When to Create?

Matt Jankowski

The find_or_create_by feature in Rails’ ActiveRecord is pretty handy - sometimes you don’t know whether you have the record you want, but you’re sure you want to create one if you don’t have it yet. We’ve used this in places where the system has a concept of a remote resource with it’s own unique numeric key, and you want to use one line of code instead of 3 or 4 to express the find or create by practice.

But what about things that you have a little more control over? When is right to use that method vs. using a callback in your model to ensure you always have what you need?

The strategies

Assume you have a Group model, which has_one Forum model - and that somewhere on your group view page you’ll link to that group’s forum. Two strategies to consider…

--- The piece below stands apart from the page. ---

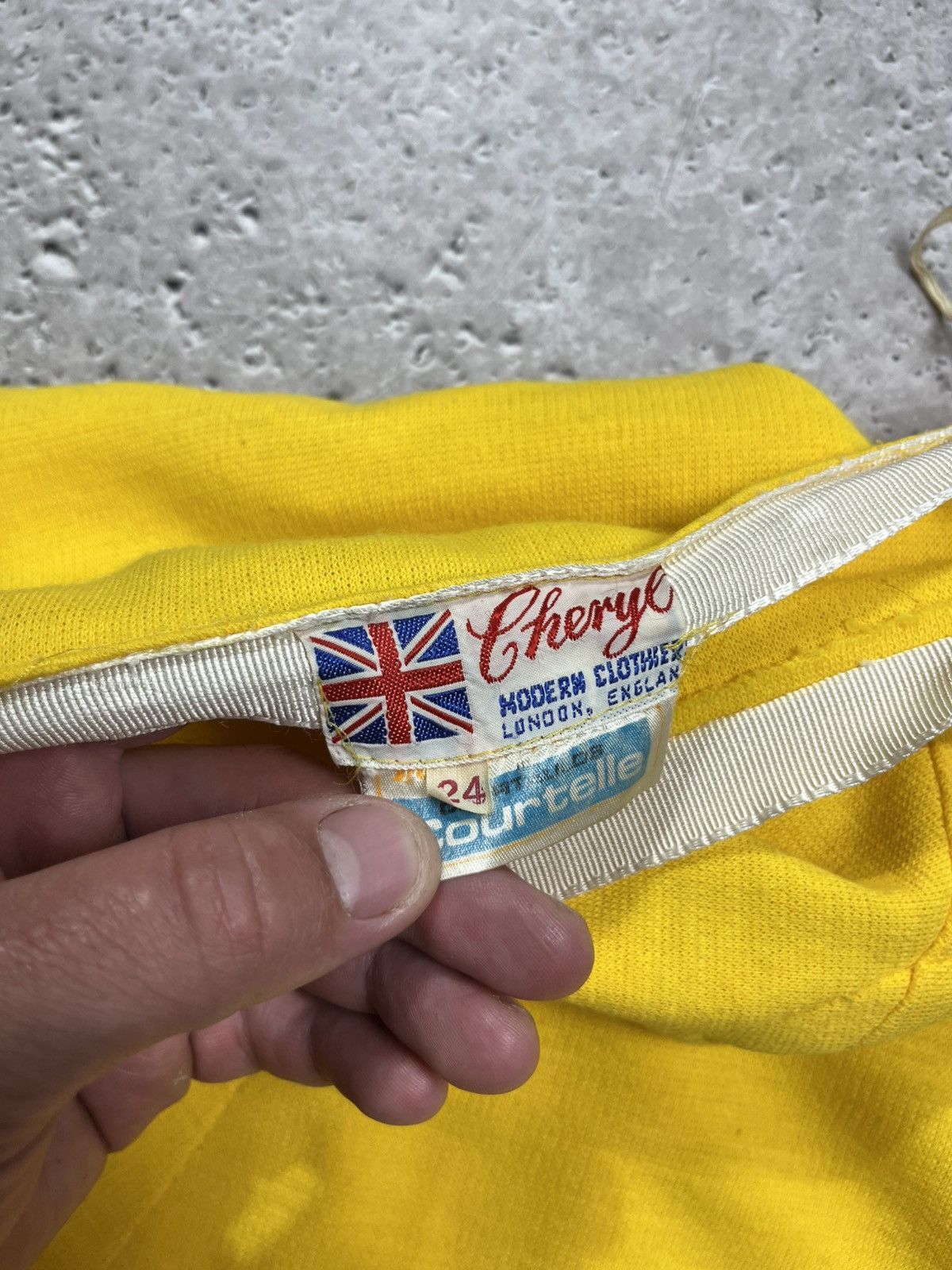 Vintage Vintage 60s Yellow Mini Skirt Ginger London Courtelle UK 24 Size 25" / US 0 / IT 36 - 9 Thumbnail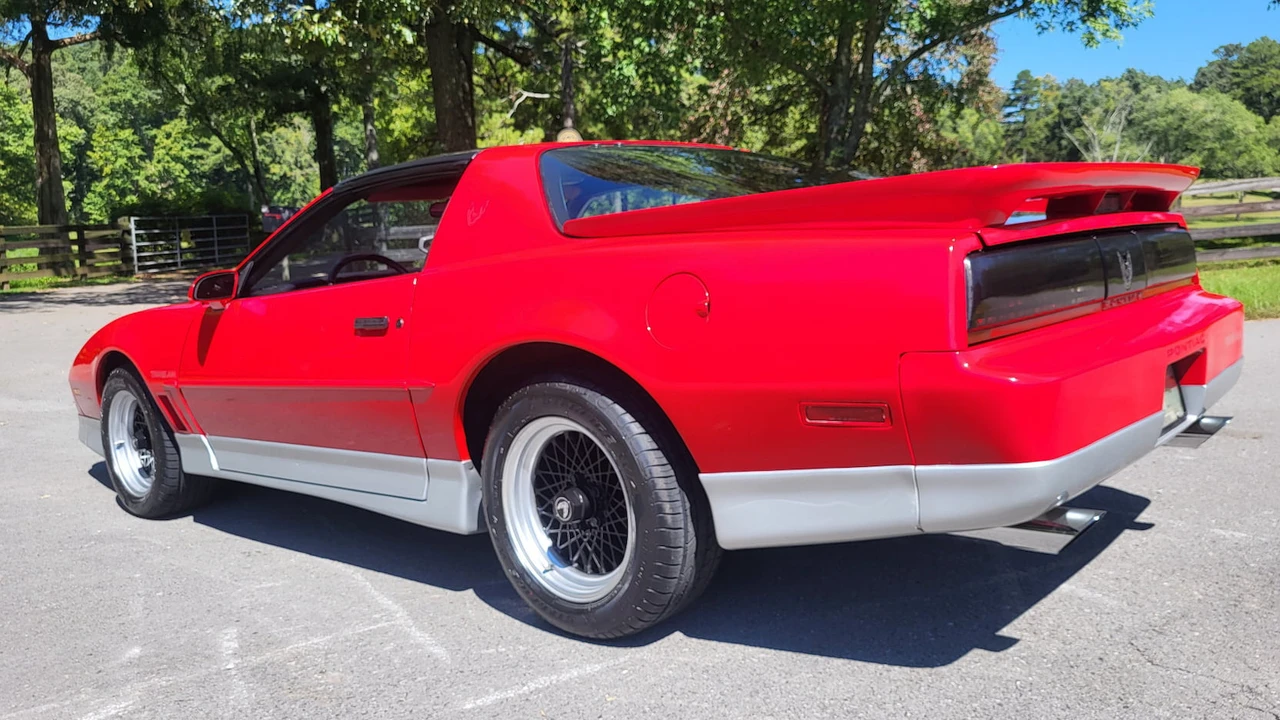 1987 Pontiac Firebird Trans Am 3rd Gen - Image 17 of 21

  • Strategy A - be prepared, and create right away. When you create a new Group, immediately create a Forum for it. Possibly do this with a callback in the Group model during group creation. Otherwise, do something with transactions to make sure the Group and Forum creation are atomic.
  • Strategy B - just in time, create when needed. Use a find_or_create_by during the action which requests the Forum belonging to the relevant Group, creating it only as-requested. The Forum will exist by the time the view is rendered, if it didn’t at the time the page was requested.

Issues to consider…

The role of the model

Strategy A keeps your application objects (those which must exist for data normalization purposes but which a user doesn’t necessarily know about) creation tucked nicely away in the models, where they belong. It’s right next to a validation, so you can be sure you won’t screw anything up, because your tests will catch you if you do. Strategy B could do most of the same, but the creation process is being triggered a bit higher up (in the controller action, by virtue of the page request).

Unused records

Strategy A doesn’t care about extra data in your database. It creates things you might sometime need, at a time where it can be sure you’d earliest need them. Strategy B doesn’t want you to have a bunch of records no one cares about. It creates them when someone wants to use them, and only when someone wants to use them.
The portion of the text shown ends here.